*** Begin section ***

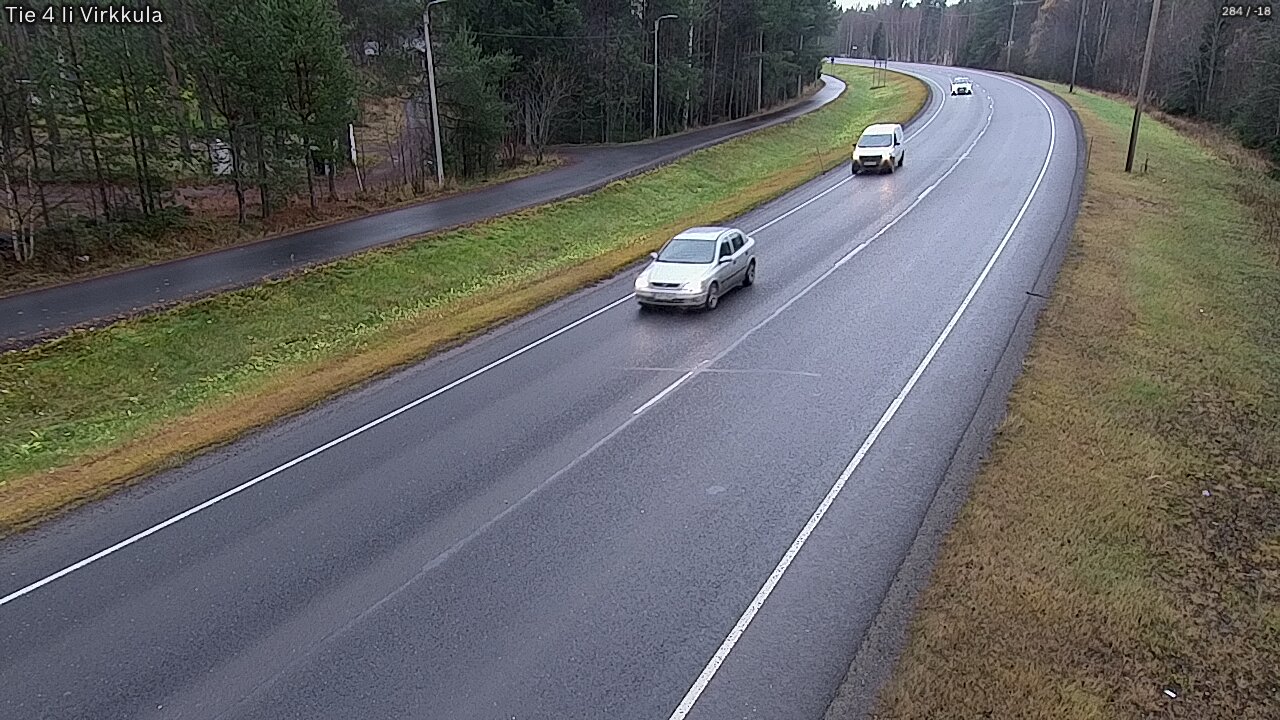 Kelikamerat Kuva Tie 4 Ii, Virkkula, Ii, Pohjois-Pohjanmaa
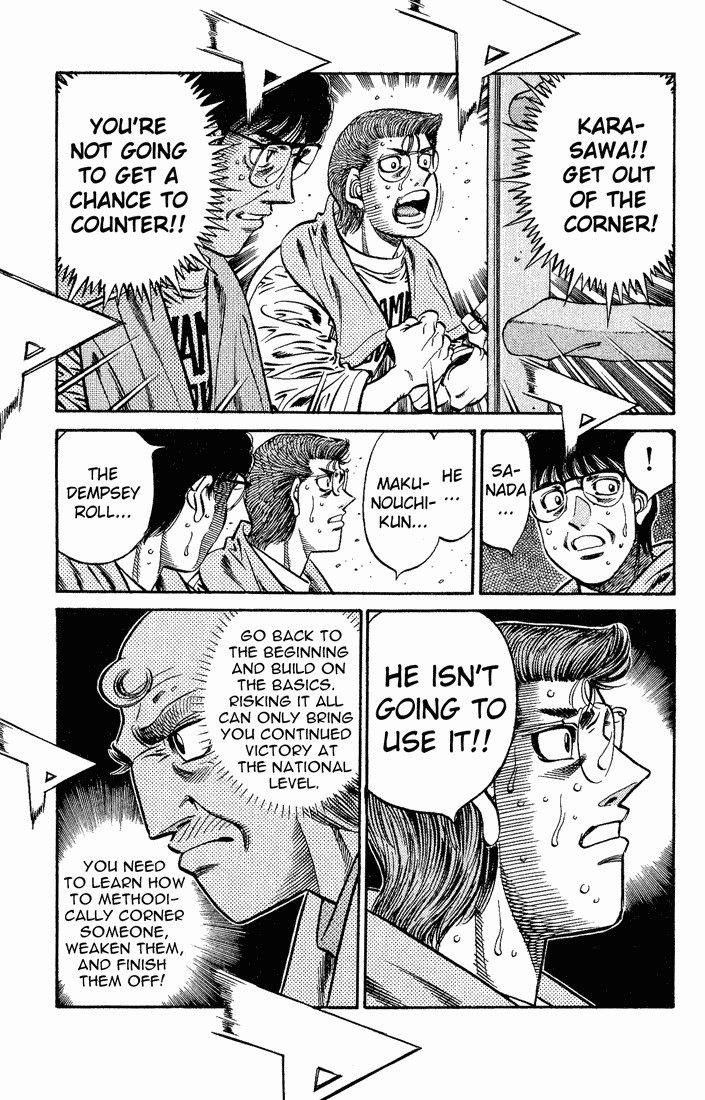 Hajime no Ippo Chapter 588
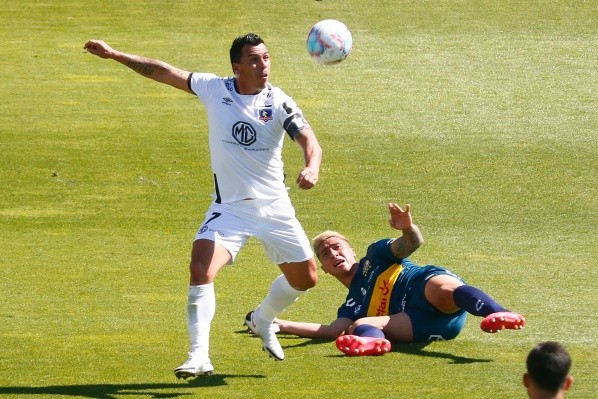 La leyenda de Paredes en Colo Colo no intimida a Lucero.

*** End section ***

Write out the material above exactly. Skip the pictures.

 Kelikamerat Kuva Tie 4 Ii, Virkkula, Ii, Pohjois-Pohjanmaa
 Hajime no Ippo Chapter 588
 La leyenda de Paredes en Colo Colo no intimida a Lucero.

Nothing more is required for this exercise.